In the
summer of 2011, I had the opportunity to join over thirty of my fellow
Wittenberg students for a month-long service trip to Lesotho. As many before me
have said, it is an experience that is almost impossible to put into words.
Each time I reflect, my mind wanders to a different element of the experience.
The work was hard, but as we drove by fields and homes on our way to the day’s
worksite, I saw men and women–small children even–bent over at their own work.
The drive every day told the same story: to Morija, Maseru, Motsekua, Roma.
Everywhere we looked, the Basotho
were tending to their fields; feeling the strain in my muscles, therefore, was
my own personal way of honoring those who are chained to that unyielding earth
day after day in the struggle to get by.
The
plains, the skies, the mountains: everything brought me back to the people I
met there.
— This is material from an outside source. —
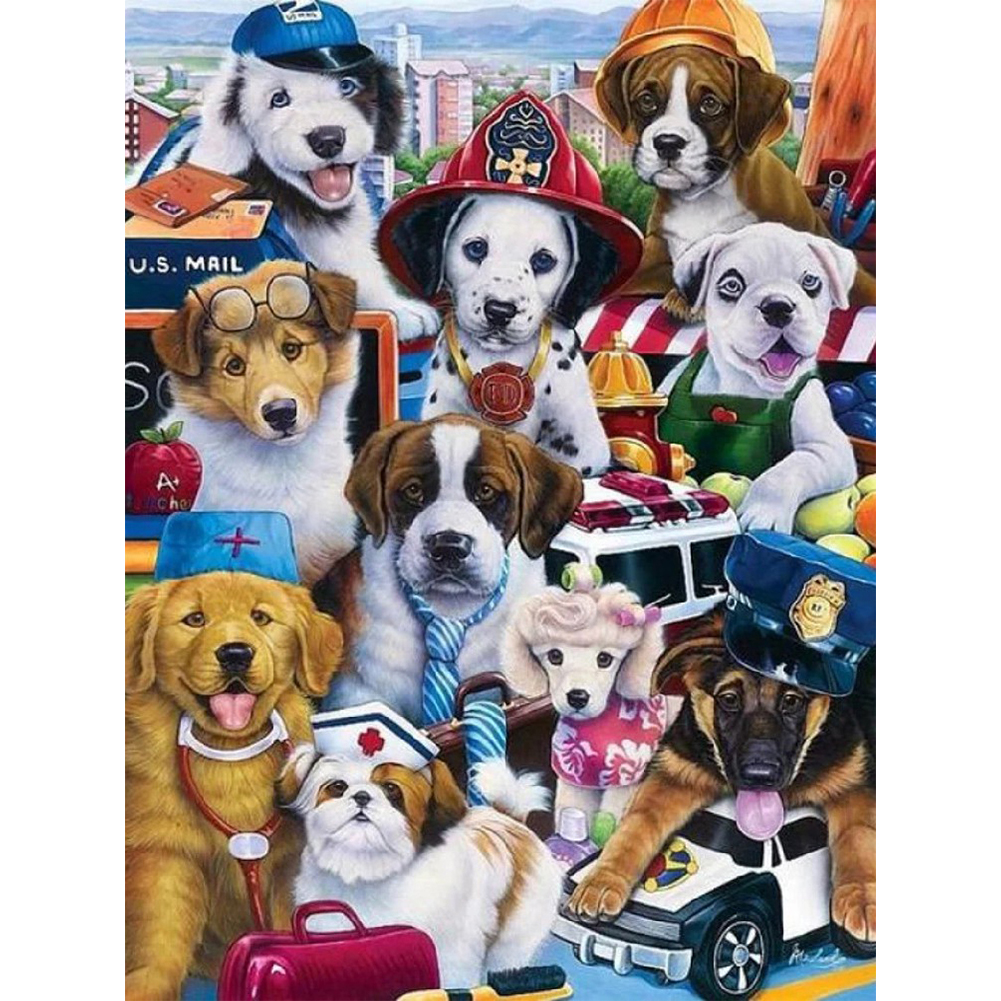 

Dog World - Round Drill Diamond Painting - 30*40CM, 501 Original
When I sit under that great sky, surrounded by the Maluti mountains, I realize the enormity
of the universe, the seemingly infinitesimal space my being holds They bear
witness and struggle on. In the face of unimaginable suffering, kicking a
soccer ball, showing me a pair of hand-crafted wire glasses, looking up at my
face–somehow brings a smile to theirs. As I sat wrapped in a blanket under the
endless expanse of stars at the Ramabanta trade post, nestled high in the
mountains, I was shown the brilliance of each seemingly tiny light–whether
stationary in the sky or hurtling toward the earth. Each of the people,
especially the children, who I was lucky enough to meet are just like those
stars. They are so small, easily overlooked by those with a provincial mindset;
they are the faces all too often
forgotten. But the trip showed me these children, and I witnessed sights
that caught my eye and brought a knot to my throat, as a tiny hand stole over
my heart.for this moment in time. But the people I met are indeed magnanimous.
Khothatso,
my thirteen-year-old mokhotsi, (friend,)
is the owner of that hand. I got to know him and his baby brother during the
weeks we stayed at Thorns in Roma. There is so much life, so much vigor in his
tiny frame! His eyes are old and deep; they seem to hold the secrets of the
universe and wisdom far beyond their years. One evening as we walked down the
street, holding hands as I held his brother in my other arm, he rattled on
excitedly about his future, his schoolwork, and the letters we’d exchanged that
day; my mind settled on the only way I knew how to capture those eyes: un mundo en sus ojos, “a world in his
eyes.” I walked in silence, amazed. The boy clasping my hand whose face was
hunger-stricken, full of pain and beauty, smiled up at me as he gave me these
precious moments that have changed my life. The boy hugging tightly to my other
arm, with legs wrapped around my waist, is only one of the millions born dying.
So the
trip, which started out being focused on work and service, ended up being
focused on people. The other students and I were motivated each day to complete
our work to give as best as we could to the people that were moving our hearts
and changing our lives. The little voices outside the gate at Thorns, the faces
that peeped around the brick wall each time we walked by became the center of
our world there. The calls of “shoot me! Shoot me!” were ceaseless; therefore,
the picture-taking was endless. And each time one of us would capture the
flitting of these little bodies in our rectangular frames, the camera would be
torn from us by the tiny hands clamoring to see what the box would show: their
own faces. This aspect of the trip, then, aligned very well with one of our
intended tasks; we showed these children their own faces in the pictures we
took, just as we endeavored to show the Basotho
through our work tasks the power they have within to help themselves.
In
looking back, I notice that the children of Lesotho embody one of my favorite
quotes: “happiness cannot be pursued; it must ensue” (Viktor E. Frankl). The
“pursuit of happiness,” a goal so widely sought after by many in the United
States, is not dependent upon the things in your possession, the degree
attached to your name, or the measure of the fame you’ve accrued. I saw
happiness in the giggles and full-belly laughs that escaped in white wisps into
the frigid morning air, in the warmth of community that held the cold at bay,
in the bond I formed with those who were on my trip. I saw happiness on the
mouths bent into grins, in the smiling eyes that glistened with an
indescribable power. I felt happiness in the squeezes of the tiny hands that
yearned to hold mine as we ran, in the excited elbow nudges from kids
successfully scrambling to take the soccer ball from my significantly
less-practiced feet. I felt the happiness in my own heart as I looked at these
faces, as I looked up at those Ramabanta stars.
This
happiness fills me even as I write this, in thinking of my past experience and
in looking forward. I have the wonderful opportunity of accompanying Dr.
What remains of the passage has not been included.